AES and Riopel – Supreme Court of Canada declines to reconcile the Juliar and Shafron lines of cases on rectification

In Riopel, a tax plan which contemplated a sale of shares followed first by an amalgamation, and then by the redemption of shares and repayment of a note by Amalco, was not properly implemented.  Among other problems, the amalgamation occurred before any sale.  LeBel J found that under art. 1425 of the Quebec Civil Code, the Court had the jurisdiction to declare that the written instruments did not give effect to the "the agreement of wills" reached by the parties when (before any documents were drafted) they were presented with the fully-articulated tax plan.

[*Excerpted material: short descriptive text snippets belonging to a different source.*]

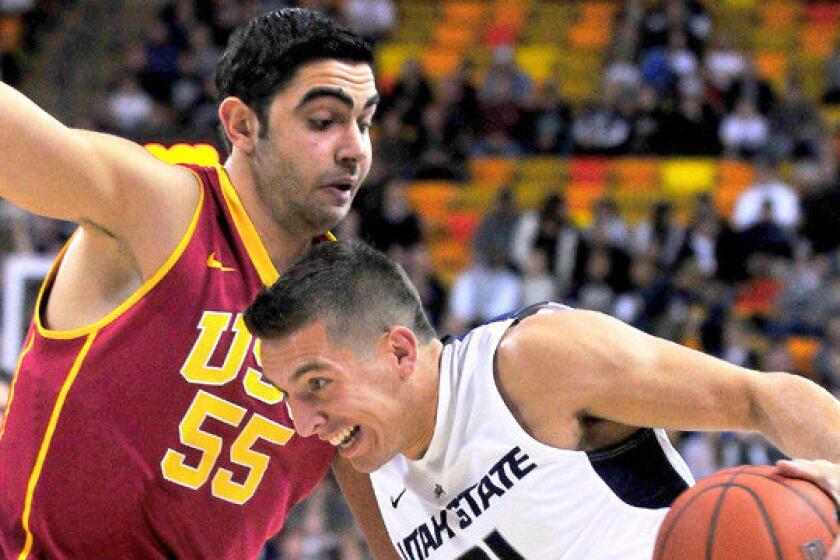 Utah State's Spencer Butterfield, right, drives around USC center Omar Oraby during the first half of the Trojans' 78-65 season-opening loss Friday.
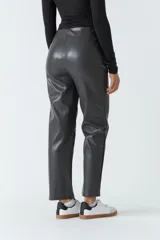 Pantalón de cuero sintético marrón, de tiro alto y corte recto, con pinzas y tablas en la parte delantera.
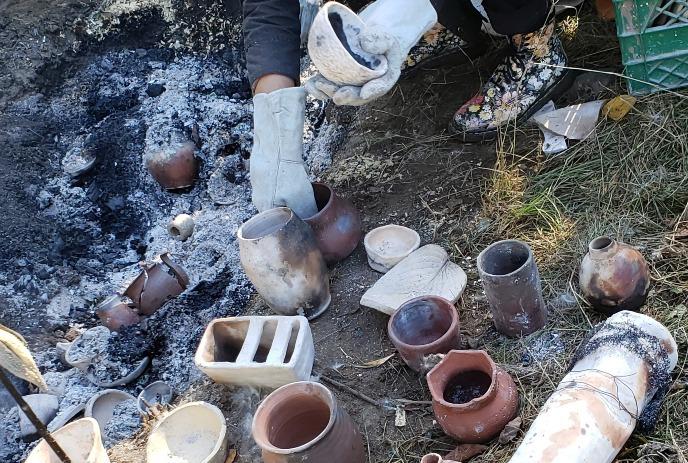 A potter in gloves and floral boots handles pottery near a pit with ashes, surrounded by scattered ceramic pieces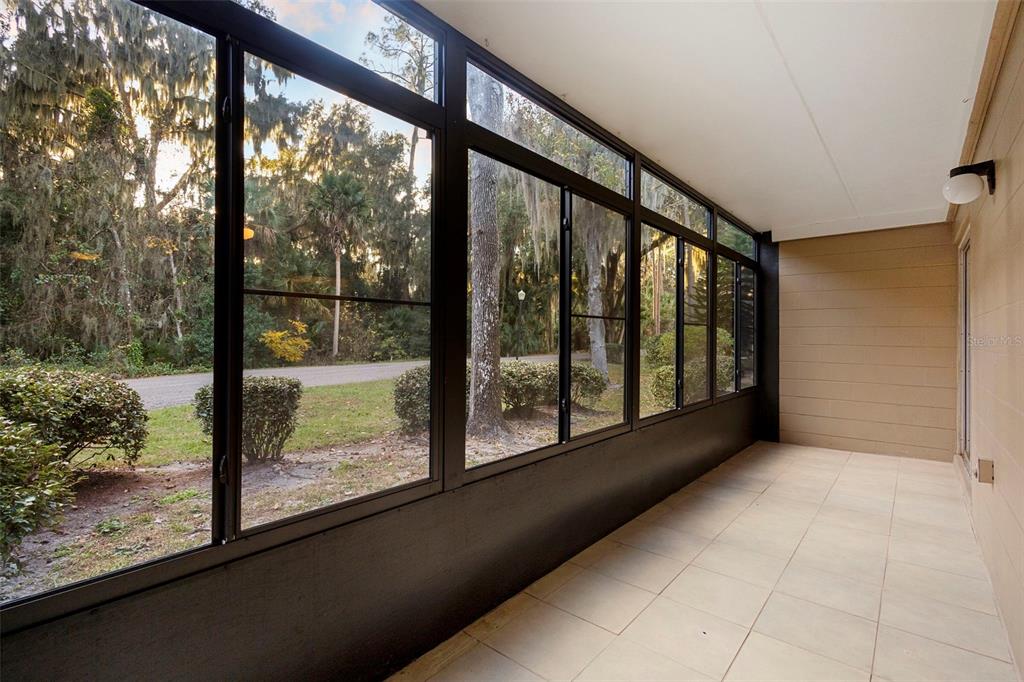 A sunroom with large windows, tiled flooring, and a view of trees and a road — 120 HIBISCUS WOODS COURT UNIT 15C, DELTONA, FL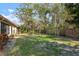 A large backyard with a green lawn, mature trees, and a tidy perimeter fence at 3296 Tallywood Ct # 7097, Sarasota, FL 34237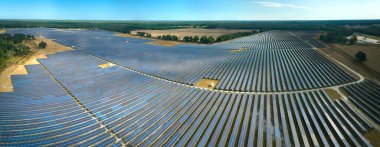 Temiz elektrik enerjisi üretmek için birçok sıra güneş fotovoltaik paneli bulunan sürdürülebilir büyük elektrik santralinin havadan görünüşü. Sıfır emisyon kavramı ile yenilenebilir elektrik.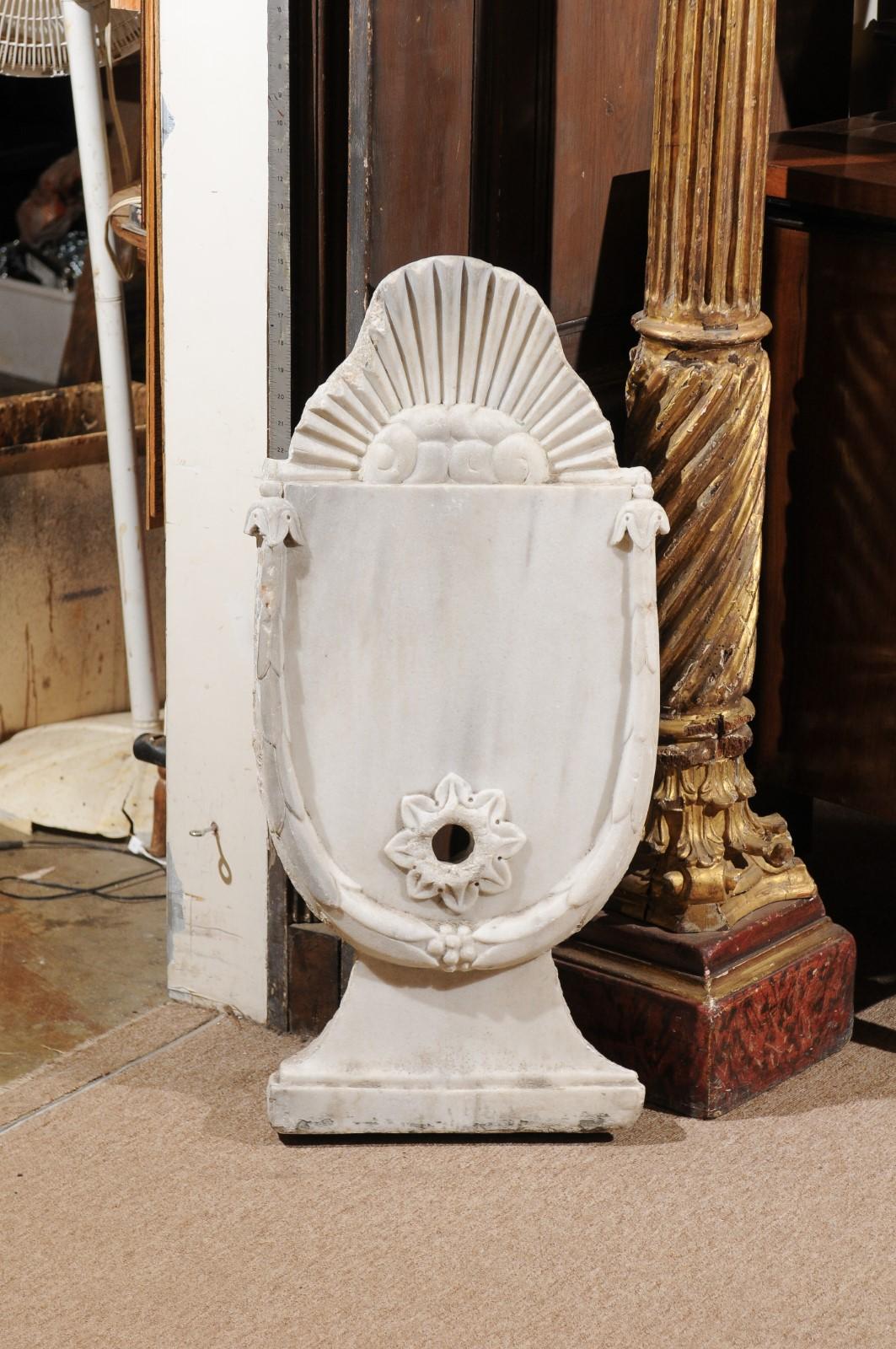 A beautifully carved white Carrara marble wall fountain head from 18th Century France with a fluted top, rounded body, with carved leaf border detail, circular spout and splayed base.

The simpler AES facts entailed a s. 86 exchange of shares for shares and a note, where the amount of the note was too high due to a miscalculation of the ACB of the old shares.  LeBel J found that there was an agreement of wills for there to be a s. 86 rollover by taking back note only up to the ACB.  Therefore, a declaration could be made under art. 1425 that the self-help documents which the parties entered into (after the filing of a notice of objection to the assessments of capital gain) - to reduce the note and issue (retroactively created) preferred shares - reflected that agreement.

The result in both cases is reasonably generous in the Quebec context as the articles of the corporations effectively were amended retroactively.

After referring to the argument of the Attorney General of Canada as intervener, that the Juliar line of cases was inconsistent with Shafron and Performance Industries, LeBel J stated (at para. 55) that the cases now before him were "governed by Quebec civil law and are not appropriate cases in which to reconsider the common law of rectification."

Neal Armstrong.  Summary of Agence du Revenu du Québec v. Services Environmentaux AES Inc. and Agence du Revenu du Québec v. Riopel, 2013 SCC 65 under General Concepts - Rectification and Interpretation Act, s. 8.1.